Matthew 27:4-8 (NRSV)

When Judas, his betrayer, saw that Jesus was condemned, he repented and brought back the thirty pieces of silver to the chief priests and the elders. He said, “I have sinned by betraying innocent blood.” But they said, “What is that to us? See to it yourself.” Throwing down the pieces of silver in the temple, he departed, and he went and hanged himself. But the chief priests, taking the pieces of silver, said, “It is not lawful to put them into the treasury, since they are blood money.” After conferring together, they used them to buy the potter’s field as a place to bury foreigners. For this reason that field has been called the Field of Blood to this day.


Acts 1:15-19 (NRSV)

In those days Peter stood up among the brothers and sisters (together the crowd numbered about one hundred twenty persons) and said, “Brothers and sisters, the scripture had to be fulfilled, which the Holy Spirit through David foretold concerning Judas, who became a guide for those who arrested Jesus, for he was numbered among us and was allotted his share in this ministry.” (Now this man acquired a field with the reward of his wickedness, and falling headlong, he burst open in the middle, and all his bowels gushed out. This became known to all the residents of Jerusalem, so that the field was called in their language Hakeldama, that is, Field of Blood.)


It appears that the authors of Matthew and Luke/Acts both received a similar tradition about what happened to Judas, and both seem to connect his death to the naming of a piece of land called the Field of Blood. The author of Marks gospel, likely written prior to Matthew and Luke/Acts, does not seem to know about this tradition, or at least didn't care to include it in the gospel. Which brings us to this week's reading and the gospel of John.

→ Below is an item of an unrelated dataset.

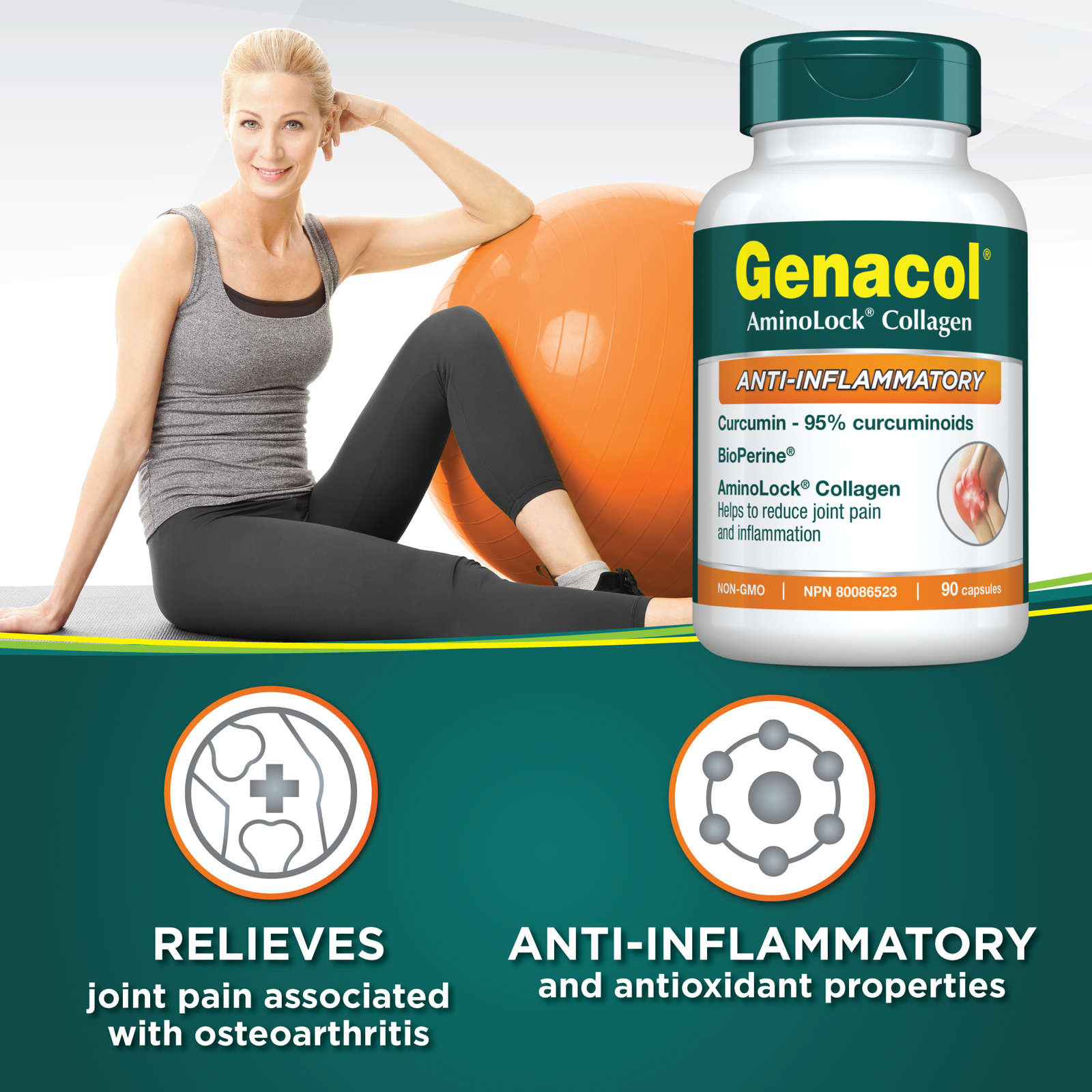 Genacol Anti-Inflammatory with AminoLock Collagen, Turmeric Curcumin and BioPerine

The gospel for this week begins with Judas leaving the last supper to go betray Jesus, but only after Jesus has washed his feet and shared the bread and wine with him. After Jesus leaves, he implores the remaining disciples to love one another. And while the authors of Matthew and Luke make a point to talk about the sorrowful end to Judas' life, John makes no mention of it. Maybe this was because, in the eyes of whoever wrote John, Judas' role had been fulfilled, or maybe it was an unintentional omission. In light, though, of the absence of an ending for Judas in John's gospel, this week we can imagine what an alternate ending might have been for Judas other than those in Matthew and Acts. What if the disciples had heard Jesus' words to 'love one another' as an invitation to love Judas after his betrayal? What if they never stopped seeing him as one of their fellow disciples? What might his story have been then?